What you _actually_ need is a staging branch of your CI and a dry-run flag on all of your state modifying commands. Then, none of this matters.
A shell script has many extremely sharp edges like dealing with stdin, stderr, stdout, subprocesses, exit codes, environmental variables, etc.
Most programmers have never written a shell script and writing CI files is already frustrating because sometimes you have to deploy, run, fix, deploy, run, fix, which means nobody is going to stop in the middle of that and try to learn shell scripting.
Instead, they copy commands from their terminal into the file and the CI runner takes care of all the rough edges.
I ALWAYS advise writing a shell script but I know it's because I actually know how to write them. But I guess that's why some people are paid more big bux.
GitHub's CI yaml also accepts eg Python. (Or anything else, actually.)
That's generally a bit less convenient, ie it takes a few more lines, but it has significantly fewer sharp edges than your typical shell script. And more people have written Python scripts, I guess?
I find that Python scripts that deal with calling other programs have even more sharp edges because now you have to deal with stdin, stderr and stdout much more explicitly. Now you need to both know shell scripting AND Python.
Python’s subprocess has communicate(), check_output() and other helpers which takes care of a lot but (a) you need to know what method you should actually call and (b) if you need to do something outside of that, you have to use Popen directly and it’s much more work than just writing a shell script. All doable if you understand pipes and all that but if you don’t, you’ll be just throwing stuff at the wall until something sticks.
1) If possible, don't run shell scripts with Python. Evaluate why you are trying to do that and don't.
2) Python has a bunch of infrastructure compared to shell, you can use it. Shell scripts don't.
3) Apply the same you used for the script to what it calls. CI calls control script for job, script calls tools/libraries for heavy lifting.
Often the shell script just calls a python/Ruby/rust exec anyways...
Shell scripts are for scripting...the shell. Nothing else.
Your average person will be blind sighted either way, at least one way they have a much better set of tools to help them out, once they are blind sighted.

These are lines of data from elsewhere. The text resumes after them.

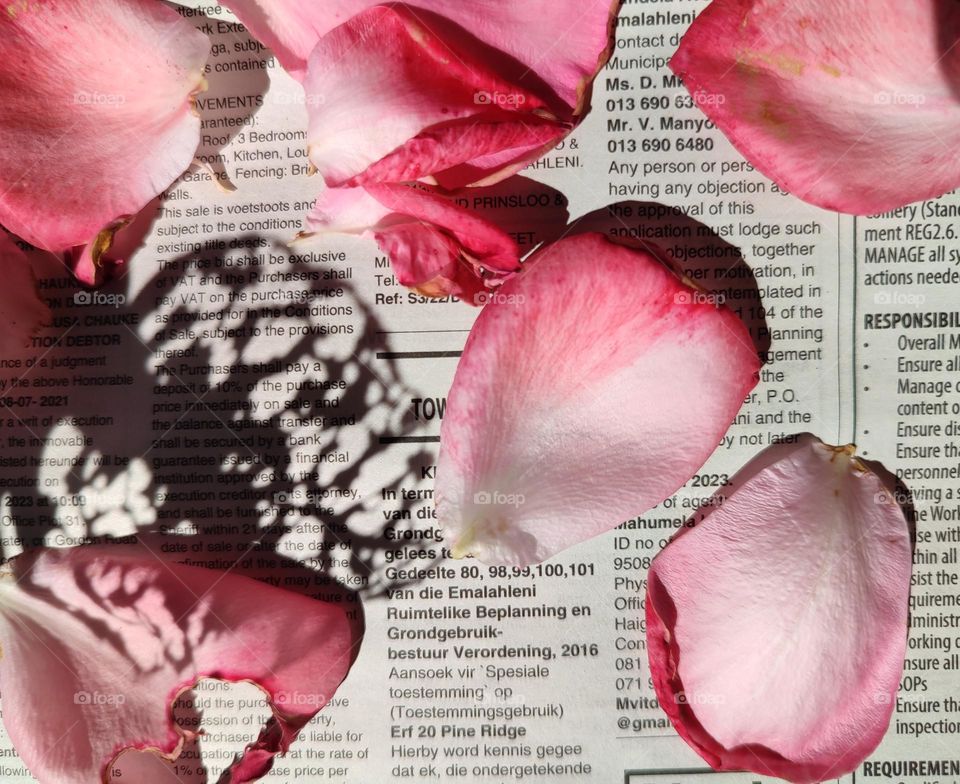 Rose petals on a newspaper with leaf shadow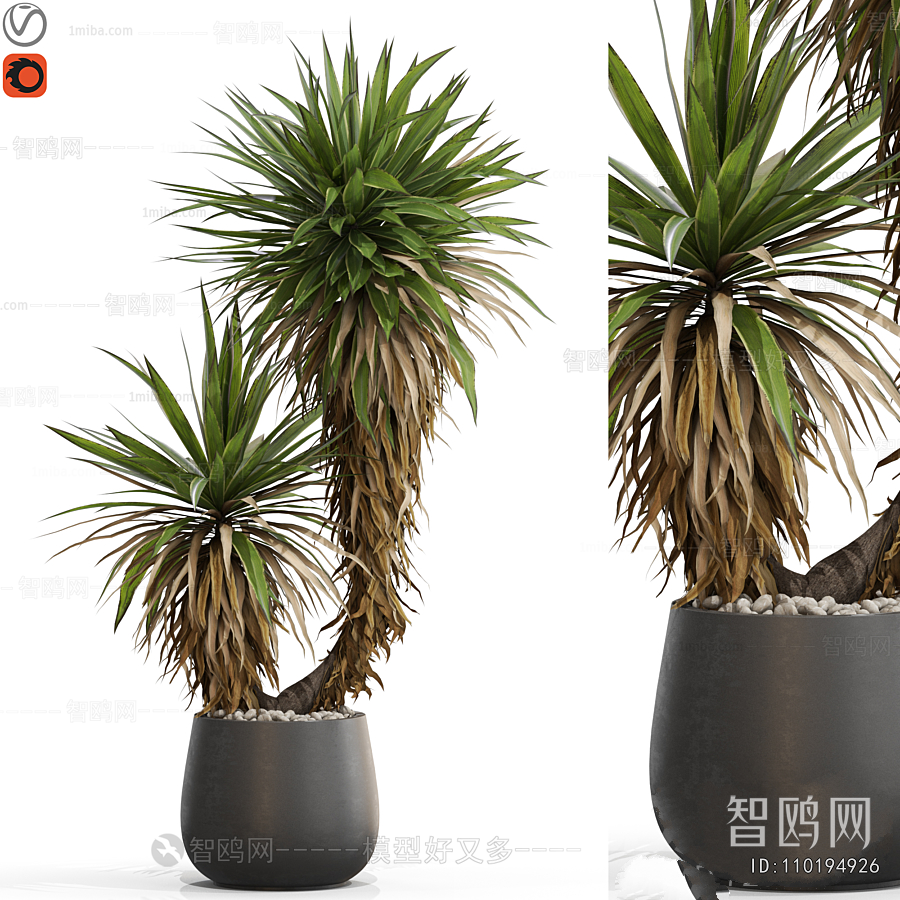 Modern Ground Green Plant Potted Plants
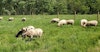 Virtual Field Trips at Red Rope Farm Image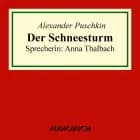 Der Schneesturm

Yes, but at least that's all fairly obvious---you might not know how to solve the problem, but at least you know you have a problem that needs solving. Compare that to the hidden pitfalls of eg dealing with whitespace in filenames in shell scripts. Or misspelled variable names that accidentally refer to non-existent variables but get treated as if they are set to be "".
This all reminds me of the systemd ini-like syntax vs shell scripts debate. Shell scripts are superior, of course, but they do require deeper knowledge of unix-like systems.
I've been working with Linux since I was 10 (I'm much older now), and I still don't think I "know Linux". The upper bound on understanding it is incredibly high. Where do you draw the line?
> [...] instead of writing a Frankenstein of YAML and shell commands.
The 'Frankenstein' approach isn't what makes it necessarily worse. Eg Makefiles work like that, too, and while I have my reservations about Make, it's not really because they embed shell scripts.
it can be quite hard to write proper scripts that work consistently... different shells have different behaviours, availability of local tools, paths, etc
and it feels like fighting against the flow when you're trying to make it reusable across many repos
If you aim for quicker turn-around (eg. just running a single test in <1s), you'll have to either aggressively optimize containers (which is pretty non-idiomatic with Docker containers in particular), or do away with them.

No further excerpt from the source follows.